March 17, 2012 by Janesville Gazette — “We believe,” the Warhawk fans chanted here Saturday night.. It seemed more hoping and wishing than actual belief at the time, but it was well-founded as UW-Whitewater erased an 18-point deficit and won the NCAA Division III national championship over Cabrinia College in a 63-60 thriller. The victory gave UW-Whitewater both the national football and men’s basketball titles in the same year. No other Division III team has ever achieved that feat, and only the University of Florida has done that in any division.

The University of Tennessee football team and women’s basketball team both won national titles in the same year. With 7:22 left in the national championship game, UW-Whitewater fans started their familiar chant of belief. Just minutes prior to that timeout, not many Warhawk fans were outwardly expressing any confidence. Whitewater trailed, 47-29, with 14:43 to play and nothing appeared to be going the Warhawks’ way.

Leading scorer Chris Davis had just gathered in a defensive rebound, only to have the ball snatched from his hands and stuck in the hoop by Cavalier big man Jon Miller. Davis was whistled for a foul and had a look of disbelief at the way the game was progressing. He had two points, both free throws, at the time. Davis and the Warhawk faithful had no reason to believe the game was about to change, but momentum is a fickle friend and it switched out of the Cabrini blue and donned the white uniform of the Warhawks the rest of the game. That uniform might have been the No. 10 of Quardell Young. The freshman guard split the Cavalier defense on three straight possessions and served notice that the Warhawks were not finished.

Coach Pat Miller, who was a player on Whitewater’s last national championship team in 1989, said Young’s penetration was the first success the Warhawks had stabbing the Cabrini defense. “We hadn’t been able to break them down or get the ball inside successfully,” Miller said. “That was the first time we got inside successfully and got them out of position. That opened other things up.” Miller said Young’s dribble drive was not high on the offensive game plan. “We always go into a game with multiple game plans and it’s usually A, B, or C. I think it was to about ‘G’ as we were trying to figure out what we were going to do to score and get ourselves back into the game,” Miller said.

Cabrini coach Marcus Kahn put the credit for turning the game squarely on Young. “I thought that No. 10 coming in and taking it to the rack three times in a row on us,” Kahn said. “That hurt us. I thought that was the tide turning part. Those three layups he got when we stopped challenging. That’s what put us on our heels, on both ends of the floor.” The Warhawks (29-4) trailed by only three when the chants of “We believe” started, and Alex Edmunds trimmed that to one skinny point on the next possession. He finished with 11 points, one better than Young’s 10 and behind leading Warhawk scorer Davis, who had 12. Edmunds’ layup was a relief because he missed close shots in the early going.

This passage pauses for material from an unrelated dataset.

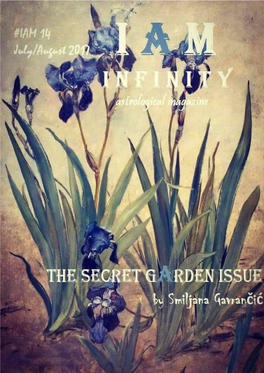 The Secret Garden Issue July/August 2017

The Warhawks were being denied by a finicky rim more than the Cavalier defense in the first half, shooting 33 percent, missing six shots from close range. Davis had a three-pointer during the deficit-cutting run, but it wasn’t until he buried a trey with 3:19 remaining that the Warhawks tied the game. John Boyd led all scorers with 18 points, but the Warhawk defense was able to prevent him and Cory Lemons from shredding them the way Cabrini had to most of its opponents. The Cavaliers averaged 85 ppg this season and made a living making shots from behind the arc. The Warhawks held them to 5-of-23 shooting from long range. They shot only 34 percent from the floor in the game. Miller credited the composure of his team with allowing the comeback. “With this team, we’ve been there,” he said. “They didn’t panic; didn’t start blaming each other and kept their composure. A lot of that is due to the tough and physical conference we play in.”

The Warhawks celebrate their fifth national title in Salem, the other four coming in the Stagg Bowl at Salem Football Stadium about 300 yards from the basketball arena. For Miller, who knows what it’s like to win as a player and a coach, he said being a player is better. “It’s really different. I think it’s better as a player. I tell these guys and I’m only half-joking that when they win, I don’t want the credit, but when they lose I don’t necessarily think that’s my fault,” Miller said with a laugh.